Please give back, word for word, only the lines starting at the one containing "Mercedes-Benz GLA 250 Gebrauchtwagen" and ending at the one containing "Victor House |" within the material below.

[Source records — start]

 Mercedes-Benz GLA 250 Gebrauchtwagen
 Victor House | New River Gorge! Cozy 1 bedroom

[Source records — finish]
[Source records — start]

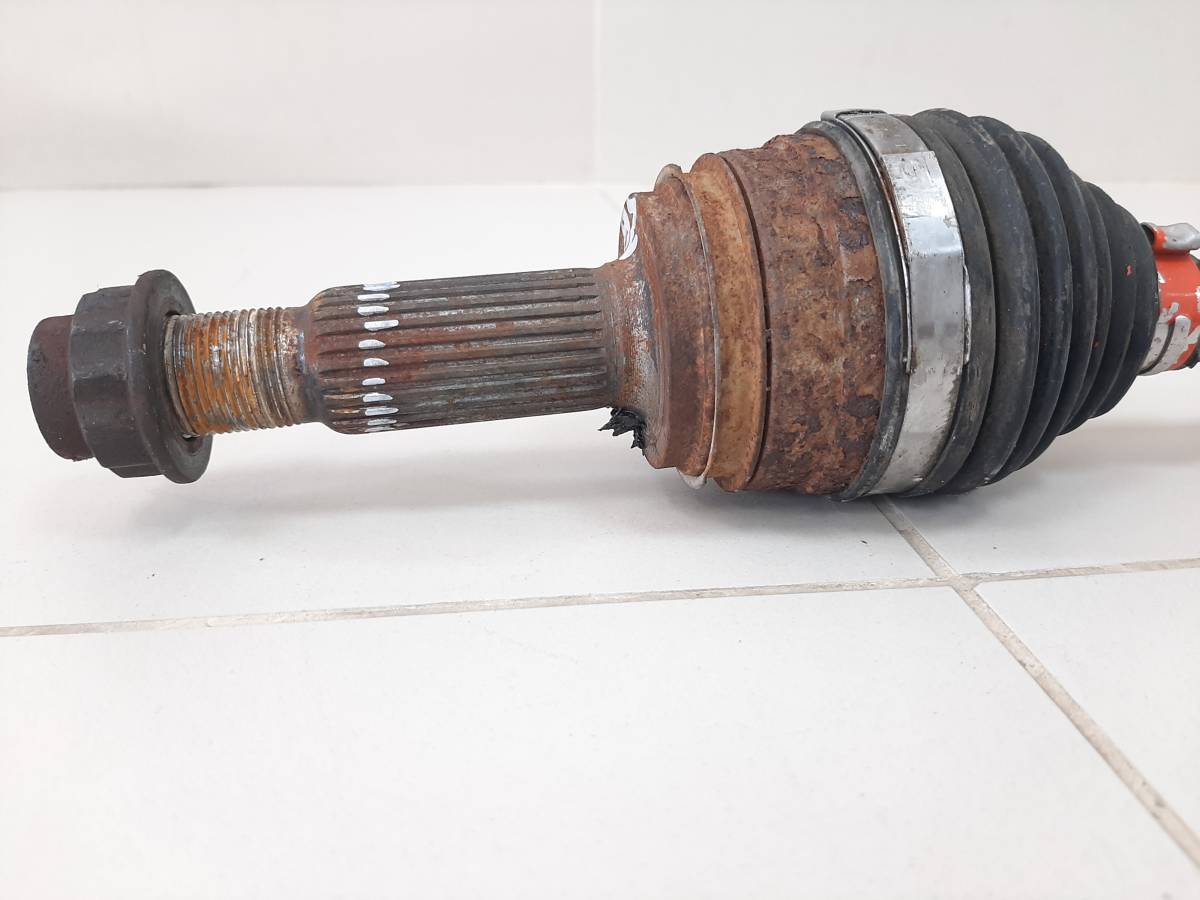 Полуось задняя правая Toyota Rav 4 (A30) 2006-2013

[Source records — finish]
[Source records — start]

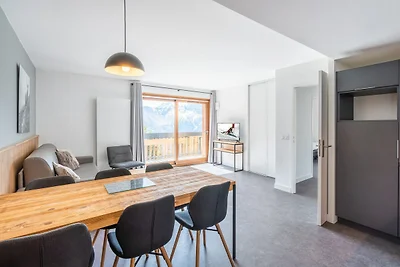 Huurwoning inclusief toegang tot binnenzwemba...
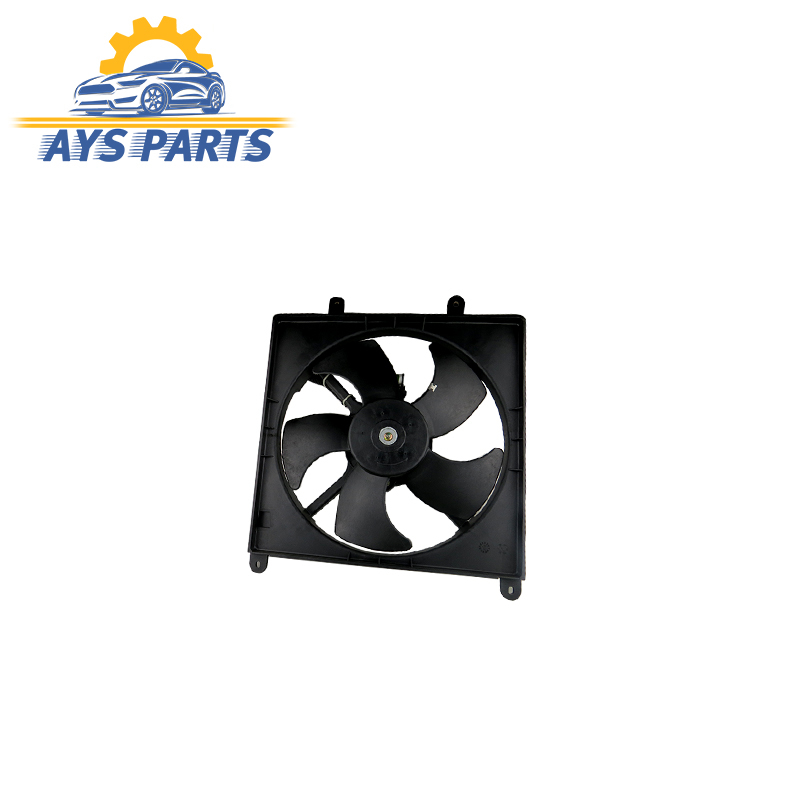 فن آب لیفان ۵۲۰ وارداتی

[Source records — finish]

• _Task answer_
 Mercedes-Benz GLA 250 Gebrauchtwagen
 Victor House | New River Gorge! Cozy 1 bedroom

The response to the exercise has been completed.